Write out the listing below without alteration, omitting its pictures.
(EXCERPTED RECORDS)
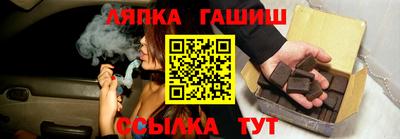 дмт Новодвинск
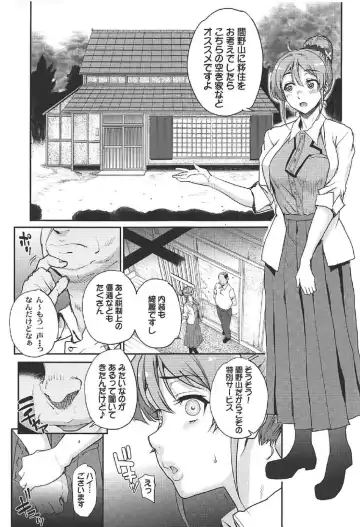 [Carn] Seinaru Machiokoshi Fhentai - Page 2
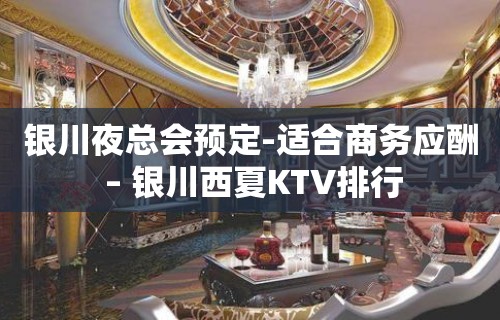 银川夜总会预定-适合商务应酬 – 银川西夏KTV排行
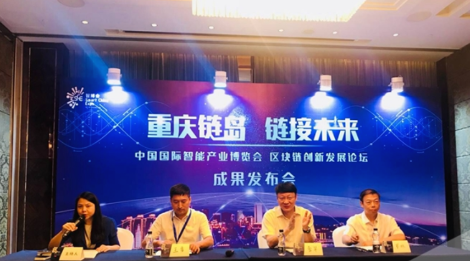 重庆 区块链.png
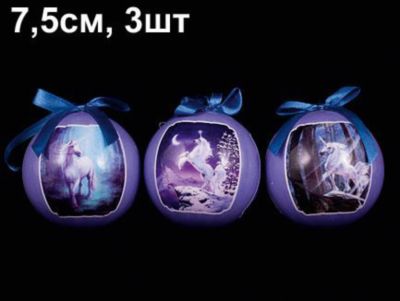 Фото 78. Комод Пеленальный Для Новорожденных Размеры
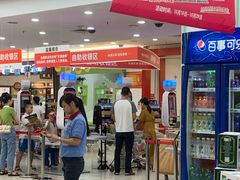 -大润发(国兴店)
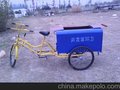 红诺24型环卫三轮车优质产品-询价有优惠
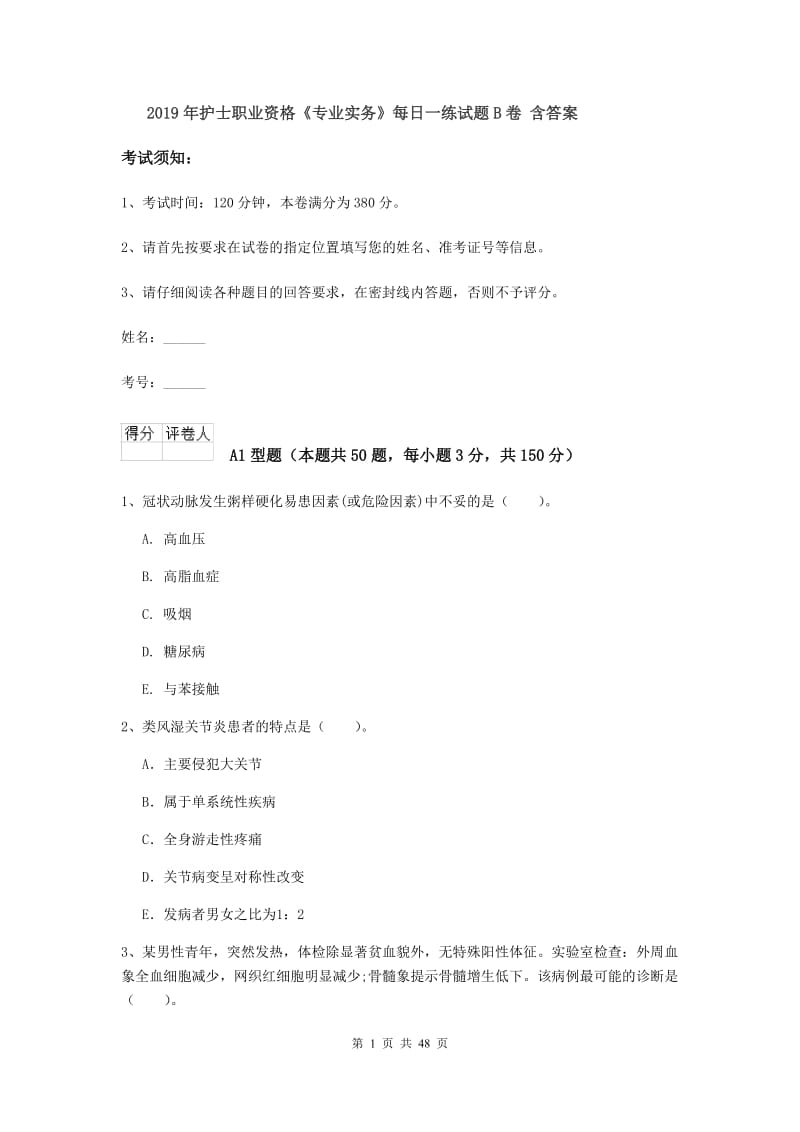 2019年护士职业资格《专业实务》每日一练试题B卷 含答案.doc_第1页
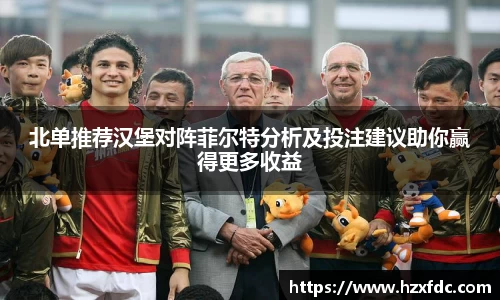 bwin必赢北单推荐汉堡对阵菲尔特分析及投注建议助你赢得更多收益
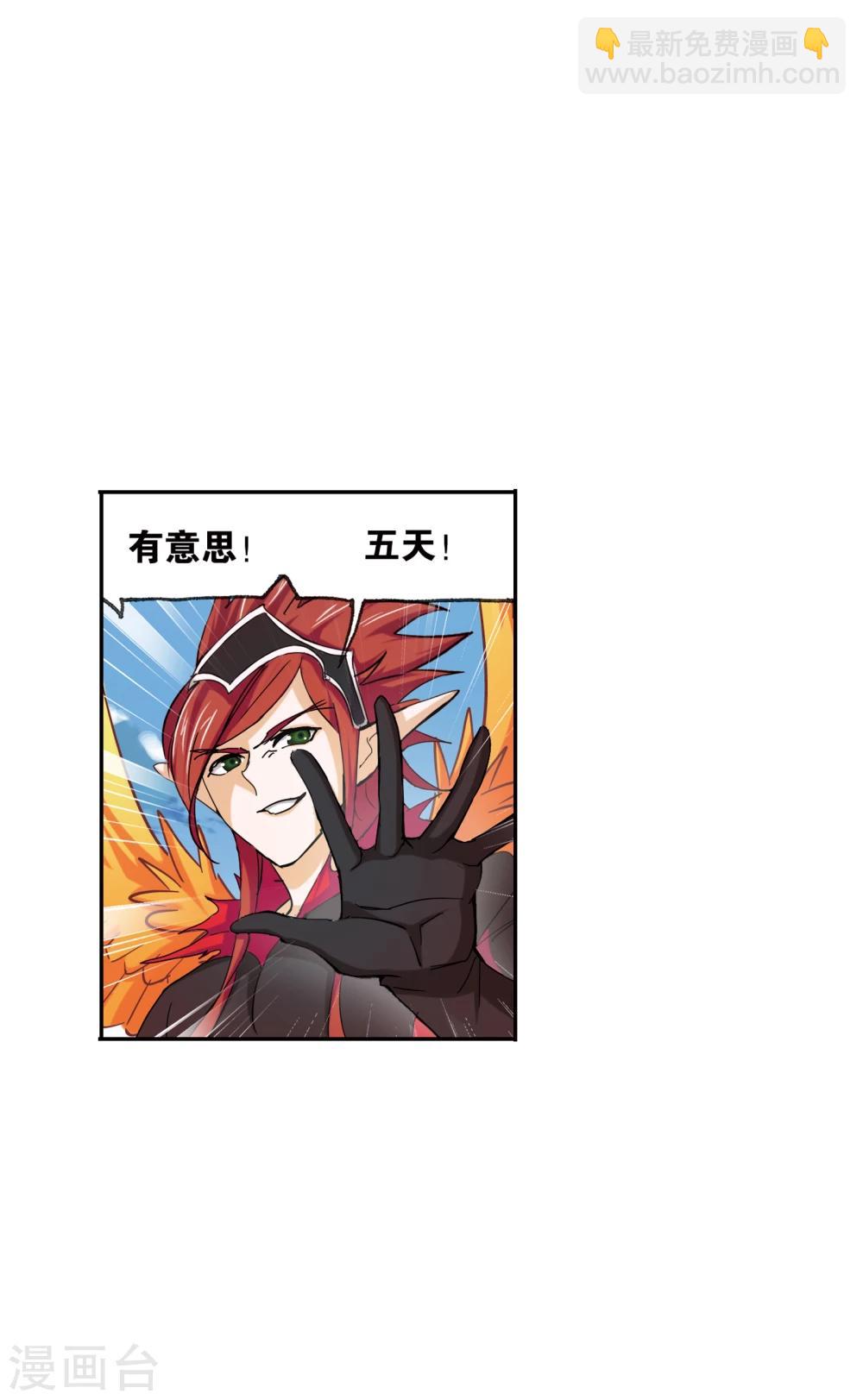🍼斗罗大陆 第630话 尝试向上2 第20页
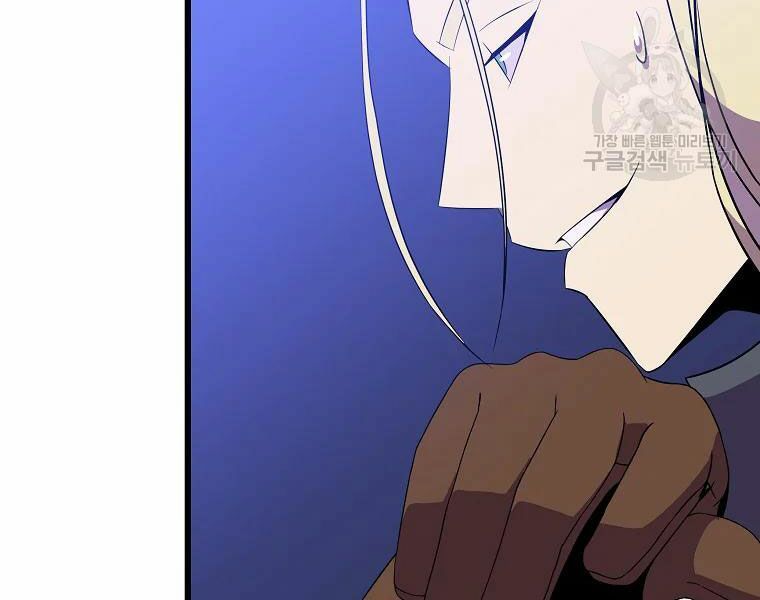 đọc truyện Kẻ Săn Anh Hùng Chương 81 ảnh 95 tại Thiên Thai Truyện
(End EXCERPTED RECORDS)
> _ANSWER BOX_:
 дмт Новодвинск
 [Carn] Seinaru Machiokoshi Fhentai - Page 2
 银川夜总会预定-适合商务应酬 – 银川西夏KTV排行
 重庆 区块链.png
 Фото 78. Комод Пеленальный Для Новорожденных Размеры
 -大润发(国兴店)
 红诺24型环卫三轮车优质产品-询价有优惠
 2019年护士职业资格《专业实务》每日一练试题B卷 含答案.doc_第1页
 bwin必赢北单推荐汉堡对阵菲尔特分析及投注建议助你赢得更多收益
🍼斗罗大陆 第630话 尝试向上2 第20页
 đọc truyện Kẻ Săn Anh Hùng Chương 81 ảnh 95 tại Thiên Thai Truyện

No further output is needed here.